Além da ausência “da adequada prudência” por continuarem a acreditar nas capacidades financeiras da Interobra para realizar os trabalhos, o procurador Nuno Rebocho escreve no seu despacho que “só por mera sorte, dado o vencimento em tribunal da ação contra a Caixa Geral de Depósitos, é que não se tornou altamente onerosa para o Estado”.

Também a CCDR do Alentejo poderia ter ter provocado um avultado prejuízo à Movijovem — que em 2012 se encontrava em processo de liquidação que acabou por ser abandonado em 2014 –, já que a 10 de setembro de 2012 solicitou a devolução de cerca de 1,1 milhões de euros de fundos comunitários do FEDER que tinham sido atribuídos e transferidos para o financiamento da obra de Évora. Chamado aos autos, o responsável da CCDR Alentejo, Nelson Faustino, afirmou que não houve necessidade de repor a verba, tendo o projeto sido concluído com verbas nacionais.

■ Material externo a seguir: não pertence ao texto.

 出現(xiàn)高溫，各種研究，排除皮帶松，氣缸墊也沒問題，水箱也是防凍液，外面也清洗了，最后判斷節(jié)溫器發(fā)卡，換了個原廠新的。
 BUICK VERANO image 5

Enfatizando o facto de não existirem quaisquer “indícios de benefícios ou favores indicativos de contrapartidas ilícitas entre os intervenientes no contrato”, o magistrado responsável pela investigação diz “que se tratou de uma atitude algo destemida, arriscada ou erradamente ponderada, mas materialmente sem que se possa concluir pela indiciação de facto criminalmente relevante, nomeadamente à luz dos indicados ilícitos. A situação pode ter mais correto e adequado enquadramento na avaliação do desempenho das pessoas em causa nas funções que então desenvolviam na Movijovem”.

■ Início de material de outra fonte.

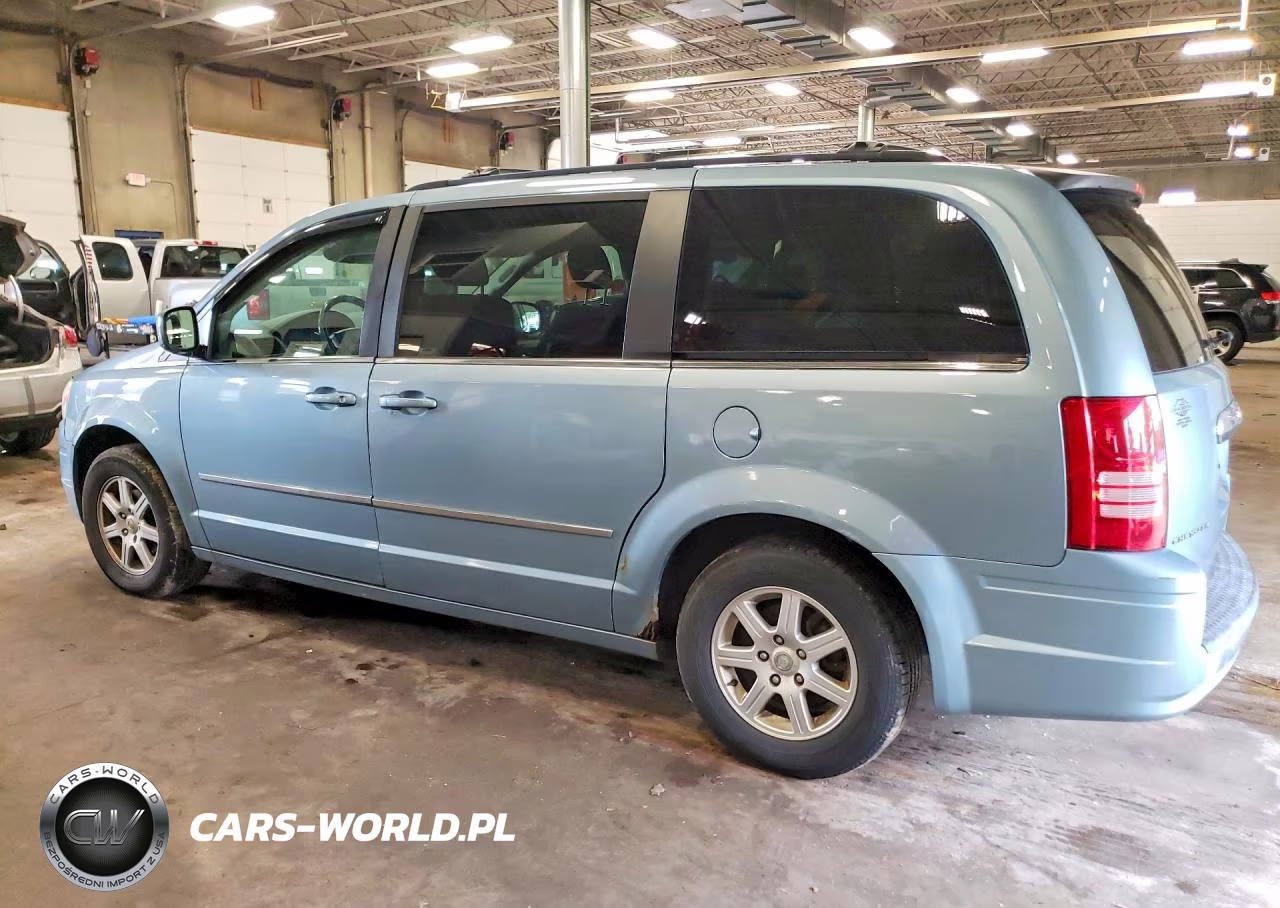 2010 Chrysler Town & Country Touring VIN:2A4RR5D1XAR183941 - 2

“Por tudo o exposto, conclui-se com uma certeza relativa, que todo este processo, ao nível da execução dos trabalhos de recuperação da pousada, que não do concurso público, encerra suspeitas de alguma imprudência de gestão, seja ao nível de instâncias de controlo, seja de ponderação de riscos e de capacidade da adjudicada, e bem assim ao nível de delimitação dos reajustamentos da intervenção o que, em consequência, poderia ter acarretado avultados prejuízos financeiros para o Estado, mas que não veio a acontecer”, afirma o magistrado.

Apesar de não se ter verificado intenção de prejudicar o Estado ou os interesses que incumbia aos responsáveis da Movijovem tutelar, “a atuação apurada destes intervenientes é mais sustentadamente compatível com falta de cuidado ou até desajustada ponderação, em desagrado das melhores regras de gestão, o que, noutra perspectiva, poderia ser relevante em termos de apreciação do mérito do seu desempenho profissional nos cargos”, conclui o procurador Nuno Rebocho.